O maior paradoxo é que o incentivo que o governo dava aos filmes de categorias e textos discutíveis era tirado com a forte atuação da censura. Não era raro se assistir filmes com cortes de cenas de mais de minutos. A nudez enaltecida das mulheres tinha de ser rápida e nunca frontal. Havia filmes que gastavam os cento e vinte minutos só para celebrar a quebra de virgindade de uma personagem. E esses filmes, censurados e tudo o mais, eram obrigados a serem exibidos!

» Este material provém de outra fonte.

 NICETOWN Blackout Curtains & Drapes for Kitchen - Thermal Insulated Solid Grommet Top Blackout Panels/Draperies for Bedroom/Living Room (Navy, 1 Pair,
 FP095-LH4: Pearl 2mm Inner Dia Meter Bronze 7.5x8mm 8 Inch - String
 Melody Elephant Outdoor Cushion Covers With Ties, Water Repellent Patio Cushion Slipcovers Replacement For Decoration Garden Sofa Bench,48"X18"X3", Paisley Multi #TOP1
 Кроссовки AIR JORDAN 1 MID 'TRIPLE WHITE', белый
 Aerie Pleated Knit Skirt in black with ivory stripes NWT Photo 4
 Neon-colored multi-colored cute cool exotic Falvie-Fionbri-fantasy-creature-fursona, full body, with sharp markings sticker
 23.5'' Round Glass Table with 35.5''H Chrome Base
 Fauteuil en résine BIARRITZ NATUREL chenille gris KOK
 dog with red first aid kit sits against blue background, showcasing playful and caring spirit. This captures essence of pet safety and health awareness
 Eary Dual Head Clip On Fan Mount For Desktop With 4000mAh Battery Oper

A lei mudou. Passou-se a ter obrigatoriedade de se exibir os filmes nacionais por um tempo mínimo determinado. E, assim, Os Trapalhões salvaram centenas de salas de cinema no Brasil nos anos oitenta, quando essa lei ainda perdurava. As famílias voltaram ao cinema para assistirem a filmes nacionais!

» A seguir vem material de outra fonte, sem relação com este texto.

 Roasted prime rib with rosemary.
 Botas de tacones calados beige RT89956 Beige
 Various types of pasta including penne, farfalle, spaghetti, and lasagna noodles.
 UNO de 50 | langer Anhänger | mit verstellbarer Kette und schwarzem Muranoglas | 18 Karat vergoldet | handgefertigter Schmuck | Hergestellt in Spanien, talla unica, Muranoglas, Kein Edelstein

Não podemos generalizar afirmando que todo filme brasileiro era ruim. Nem podemos dizer que só o Brasil fazia filmes de baixa qualidade. Grande parte dos filmes estrangeiros também foram sofríveis, mas se salvaram algumas obras primas e alguns clássicos eternos surgiram na época. Vamos conferir:
Como Era Gostoso o Meu Francês – esse nome horroroso é de um filme de 1971 de Nelson Pereira dos Santos, com Arduino Colassanti. Uma adaptação do relato de sofrimento do alemão Hans Staden, aqui adaptado para ser o francês do título. A liberação do filme, devido a cenas de nudez e antropofagia, foi algo complicado, e o título estava mais alinhado ao modelo de povo brasileiro desejado na época do que à importância da obra de Staden, autor do primeiro livro escrito sobre o Brasil.
Quem Tem Medo de Lobisomem? – terror de baixa categoria, sob a direção de Reginaldo Faria. Sem pé nem cabeça, sem mostrar diretamente o que a obra quis dizer, passa a ser referência quando se analisa a sutileza do diretor e também roteirista. O filme, de 1975, retratava exatamente o regime militar, colocado aqui metaforicamente como o monstro místico.

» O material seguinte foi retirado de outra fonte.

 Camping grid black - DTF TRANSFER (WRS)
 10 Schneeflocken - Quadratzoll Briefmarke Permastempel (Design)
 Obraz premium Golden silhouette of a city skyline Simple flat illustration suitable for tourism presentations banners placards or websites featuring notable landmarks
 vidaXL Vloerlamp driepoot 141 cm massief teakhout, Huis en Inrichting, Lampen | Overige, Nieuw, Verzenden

Dona Flor e Seus Dois Maridos – baseado na obra de Jorge Amado, dirigido por Bruno Barreto, foi um filme de 1976 muito bom, que quebrou recordes de bilheteria com direito a refilmagem norte-americana. No nosso filme, podemos ver o monstruoso talento de José Wilker contracenando com os bons atores brasileiros Sônia Braga, Mauro Mendonça e Nelson Xavier, embalados pela música “O Que Será (À Flor da Terra)”, de Chico Buarque.
Iracema, a Virgem dos Lábios de Mel – filme de Carlos Coimbra de 1979, com Helena Ramos e o ator português Tony Correia, um galã de novelas nacionais. Baseado, muito de longe, na obra de José de Alencar, é um exemplo clássico da gestão cinematográfica da época. Foi um filme mais para pornográfico que romântico, com a bela Iracema gozando plena saúde com uma imensa marca de vacinação contra varíola no braço e vestida do jeito que a rapaziada gosta. A censura atacou, mas entraram com recursos alegando que era uma obra literária obrigatória nas escolas e, assim, o filme foi liberado.
Bye Bye Brasil – considerado por muitos um dos melhores filmes já feitos, brasileiros ou não, foi uma obra-prima de Cacá Diegues, que dirigiu e assinou o roteiro. O filme é de 1979 com atuações fantásticas e irrepreensíveis de José Wilker, Betty Faria e Fábio Júnior, no único papel realmente bom na sua carreira, com uma rápida aparição do excelente Jofre Soares. Chico Buarque também nos brinda na trilha sonora com a canção-título.